I took the day off yesterday. I hardly tweeted and I tried to keep my mind away from the large knot swelling on my head from the Ban Hammer that hit on Wednesday. So I fitted 60 ships up in Jita and practiced on SiSi for three hours with our AT Team and Circle of Two. I also sent out 250 email blasts, made lunch for the three of us at home right now, took my youngest to music class, had dinner out with the fam, went to the dentist and watched in horror as the hygienist popped one of my caps off while cleaning my teeth, etc. These are what my "taking the day off" days look like.
I tried to not think about it for a minute. I tried to not think about the other mini-games up and running around the community, on lottery sites, and in other places. I tried to not think about the half-dozen or so other games I know are in various stages of development from other members of the community. I tried not to think about my store on Zazzle a few years ago that got removed, even though most of the content was my own original work. And, by the way, I still can't make an account on that site - thank you very much.
Obviously I failed. On Twitter, on Slack, even in-game yesterday, everyone wanted to know what happened. How does this affect their own projects? What does this mean for the seemingly open door policy, one I stood in front of everyone at Fanfest and promoted? I mean, if there is a poster child for a fan working successfully with CCP, it has to be me - right? (See what I did there?)

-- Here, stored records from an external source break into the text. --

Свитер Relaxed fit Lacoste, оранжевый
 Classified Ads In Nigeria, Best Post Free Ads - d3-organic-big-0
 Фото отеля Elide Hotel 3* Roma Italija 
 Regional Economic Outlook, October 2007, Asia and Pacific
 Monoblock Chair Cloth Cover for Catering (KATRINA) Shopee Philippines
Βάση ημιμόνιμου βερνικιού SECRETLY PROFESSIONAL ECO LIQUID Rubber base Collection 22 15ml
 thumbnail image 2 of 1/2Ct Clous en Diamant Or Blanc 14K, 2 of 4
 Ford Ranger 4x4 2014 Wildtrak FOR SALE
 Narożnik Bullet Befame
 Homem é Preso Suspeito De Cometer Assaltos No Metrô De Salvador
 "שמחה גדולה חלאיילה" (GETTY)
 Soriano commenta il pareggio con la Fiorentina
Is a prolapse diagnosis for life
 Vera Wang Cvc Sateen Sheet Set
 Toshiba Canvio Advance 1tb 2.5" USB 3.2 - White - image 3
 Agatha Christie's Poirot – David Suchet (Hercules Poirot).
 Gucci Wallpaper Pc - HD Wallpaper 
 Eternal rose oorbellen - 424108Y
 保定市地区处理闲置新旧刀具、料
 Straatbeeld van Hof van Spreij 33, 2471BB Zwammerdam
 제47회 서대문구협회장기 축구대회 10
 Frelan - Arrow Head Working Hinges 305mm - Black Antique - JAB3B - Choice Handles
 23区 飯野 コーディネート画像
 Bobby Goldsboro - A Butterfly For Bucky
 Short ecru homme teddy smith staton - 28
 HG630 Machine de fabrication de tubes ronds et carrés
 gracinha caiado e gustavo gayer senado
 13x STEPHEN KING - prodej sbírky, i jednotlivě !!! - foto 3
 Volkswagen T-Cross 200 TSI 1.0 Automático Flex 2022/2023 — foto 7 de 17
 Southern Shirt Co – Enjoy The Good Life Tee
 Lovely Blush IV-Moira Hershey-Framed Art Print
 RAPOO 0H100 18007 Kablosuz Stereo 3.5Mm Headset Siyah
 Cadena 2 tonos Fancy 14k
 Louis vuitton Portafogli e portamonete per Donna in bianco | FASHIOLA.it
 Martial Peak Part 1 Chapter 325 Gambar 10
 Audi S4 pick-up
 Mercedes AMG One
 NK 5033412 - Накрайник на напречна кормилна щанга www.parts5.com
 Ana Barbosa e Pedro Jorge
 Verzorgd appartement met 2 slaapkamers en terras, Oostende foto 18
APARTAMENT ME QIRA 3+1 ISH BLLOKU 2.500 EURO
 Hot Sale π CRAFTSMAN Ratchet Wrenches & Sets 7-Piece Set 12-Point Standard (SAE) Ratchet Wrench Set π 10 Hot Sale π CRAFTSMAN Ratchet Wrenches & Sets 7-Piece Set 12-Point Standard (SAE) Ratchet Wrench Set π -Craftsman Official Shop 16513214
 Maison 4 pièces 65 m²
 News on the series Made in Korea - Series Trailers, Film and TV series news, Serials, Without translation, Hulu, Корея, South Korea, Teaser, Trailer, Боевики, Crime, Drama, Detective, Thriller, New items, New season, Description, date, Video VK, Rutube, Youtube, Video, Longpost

I don't know what to tell you. There is no doubt that Eve Drifter Wars violated a wide spectrum of Intellectual Property Rights, International Copyrights and Trademarks. This can not be disputed. It also cannot be disputed that other "games" very similar to it have been and continue to be up and running around the Eve Community. It also cannot be argued that nearly all of the graphics used in the game derived directly from a publicly available 3rd party site that CCP endorses, but does not "officially" have an agreement with. And not from within Eve. It also cannot be argued that we mistakenly used two small pieces of music in the game that we did not have the right to use. A mistake we were more than willing to alleviate. But it certainly didn't help our position. The vast majority of the music we used was properly and legally obtained by the way.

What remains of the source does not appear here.